Get more information into the data set
To create the sparklines, we first need to get the data for that into the tibble that is passed to gt() . After all, how else is gt() supposed to know how the sparklines should look. So let’s modify the rel_changes data set to incorporate another column.

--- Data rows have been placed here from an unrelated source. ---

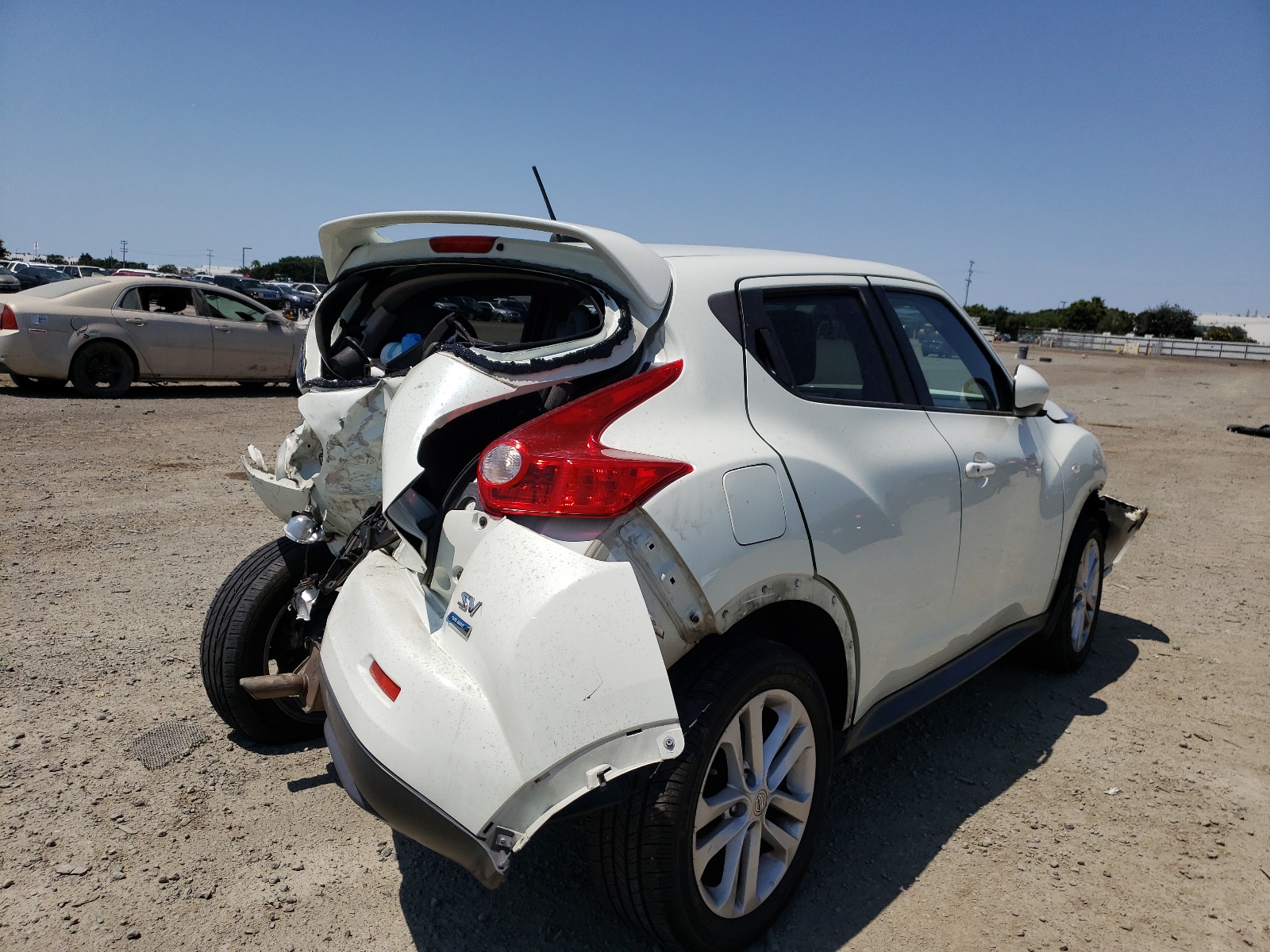 Zdjęcie 4 z aukcji – 2012 NISSAN JUKE S z VIN JN8AF5MR7CT111886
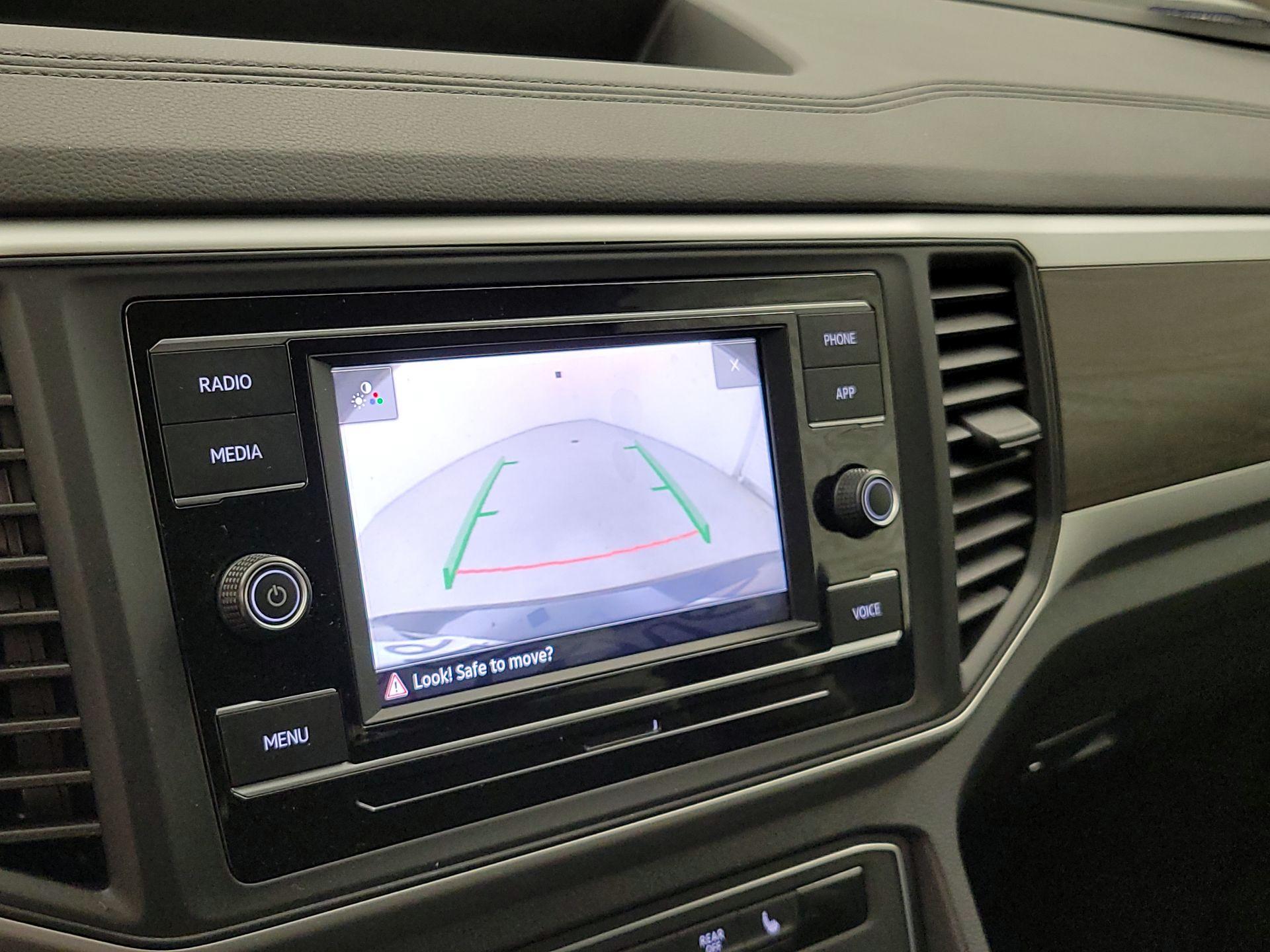 Thumbnail: 2022 Volkswagen Atlas - 14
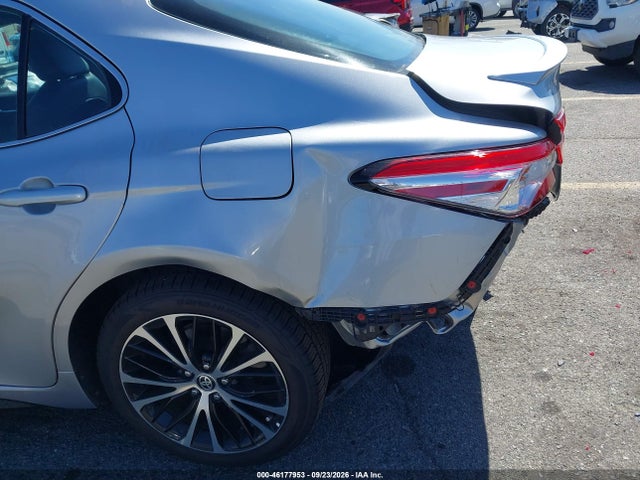 46177953 :رقم المزاد ، 4T1G11AKXLU965281 vin ، 2020 Toyota Camry Se مزاد بيع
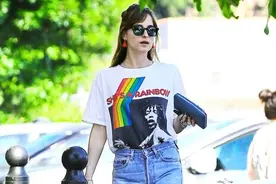 《五十度灰》女主角达科塔约翰逊街拍好心情，白T恤牛仔裤也很美图片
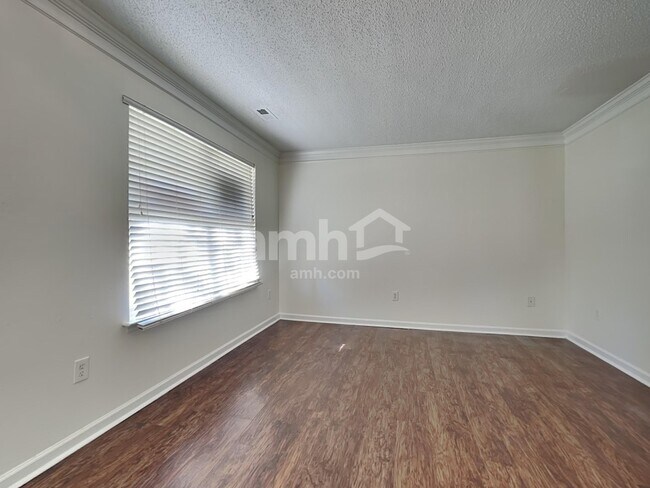 Foto del edificio - 6527 Forest Cross Dr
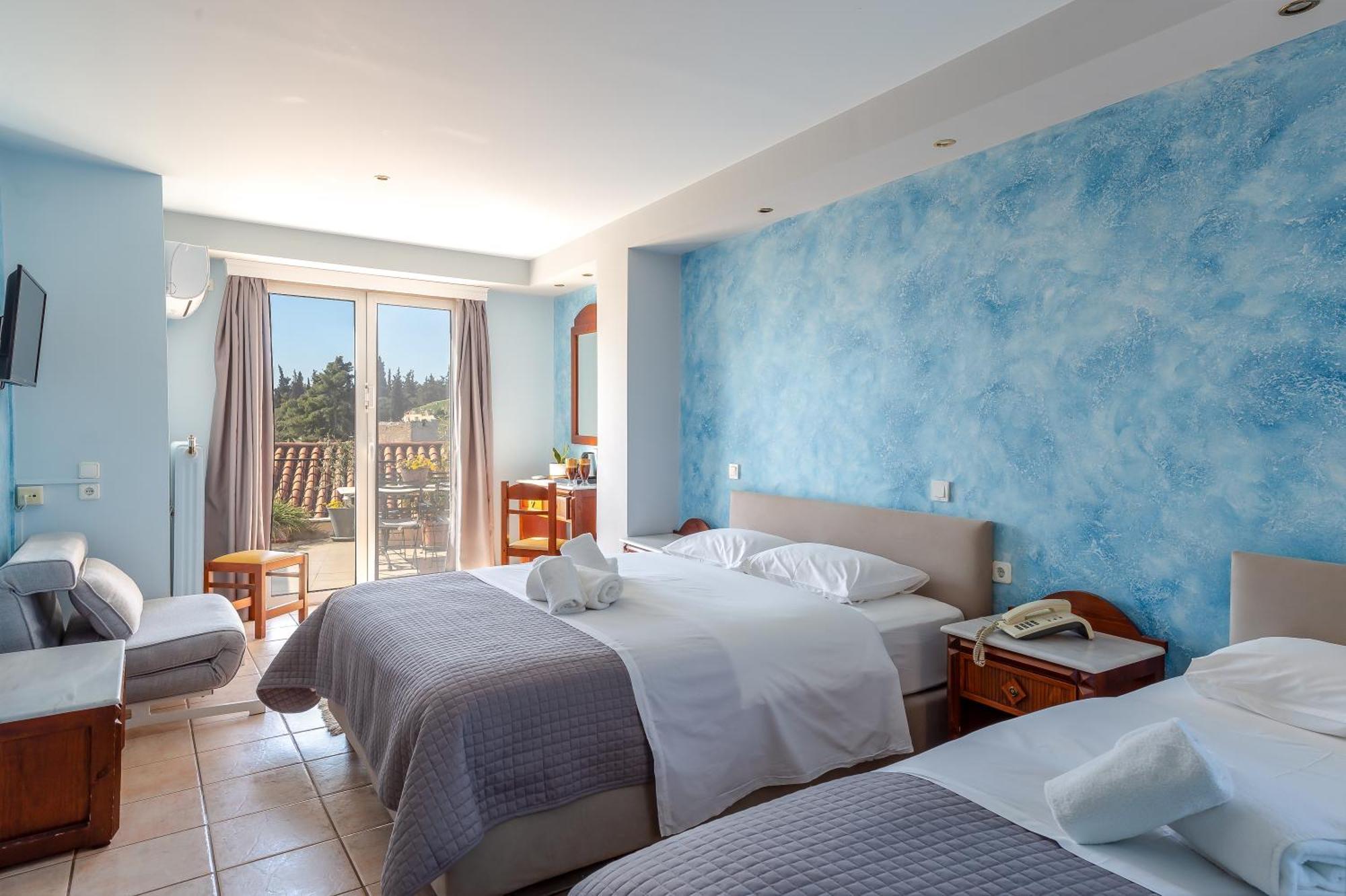 Byron Hotel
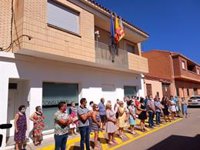 Instituciones y vecinos condenan el crimen de Cabanes y muestran su apoyo a la familia del menor fallecido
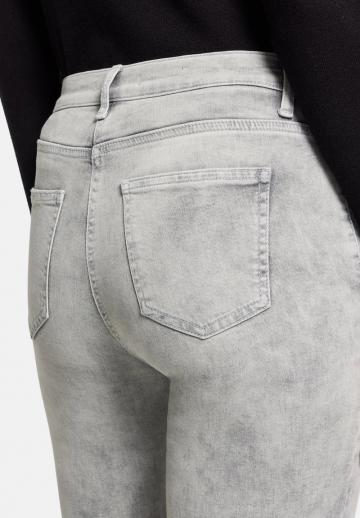 Клешеные брюки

rel_changes <- open_prices_over_time |>
arrange(date) |>
summarize(
rel_change = open[length(open)] / open[1] - 1,
open_prices = list(open), # Add this line
.by = company
) |>
arrange(rel_change)
rel_changes
#> # A tibble: 14 × 3
#> company rel_change open_prices
#> <chr> <dbl> <list>
#> 1 International Business Machines Corporation 0.121 <dbl [3,271]>
#> 2 Intel Corporation 0.240 <dbl [3,271]>
#> 3 Cisco Systems, Inc. 0.960 <dbl [3,271]>
#> 4 Oracle Corporation 2.28 <dbl [3,271]>
#> 5 Meta Platforms, Inc. 2.37 <dbl [2,688]>
#> 6 Alphabet Inc. 4.52 <dbl [3,271]>
#> 7 Salesforce, Inc. 5.95 <dbl [3,271]>
#> 8 Microsoft Corporation 6.70 <dbl [3,271]>
#> 9 Adobe Inc. 8.02 <dbl [3,271]>
#> 10 Amazon.com, Inc. 11.2 <dbl [3,271]>
#> 11 Apple Inc. 15.8 <dbl [3,271]>
#> 12 NVIDIA Corporation 30.1 <dbl [3,271]>
#> 13 Netflix, Inc. 34.7 <dbl [3,271]>
#> 14 Tesla, Inc. 69.0 <dbl [3,148]>
Notice how we were able to get all of the open prices into one cell via the list() function in summarize() . Pretty cool, isn’t it? Now, we could pass this to data set to gt() like before.
rel_changes |>
gt() |>
cols_label(
company = 'Company',
rel_change = 'Change'
) |>
fmt_percent(columns = rel_change)
But if we did that, then all of the numbers would just be thrown into the table. That would be pretty terrible. Here’s how the first few rows of the new table would look.
Lines instead of numbers
To overcome this, let’s just tell gt() to make a line out of those numbers. Thankfully, another package, namely gtExtras , makes that pretty easy for us. All we need is the function gt_plt_sparkline() from that package.
rel_changes |>
gt() |>
cols_label(
company = 'Company',
rel_change = 'Change'
) |>
fmt_percent(columns = rel_change) |>
gtExtras::gt_plt_sparkline(column = open_prices)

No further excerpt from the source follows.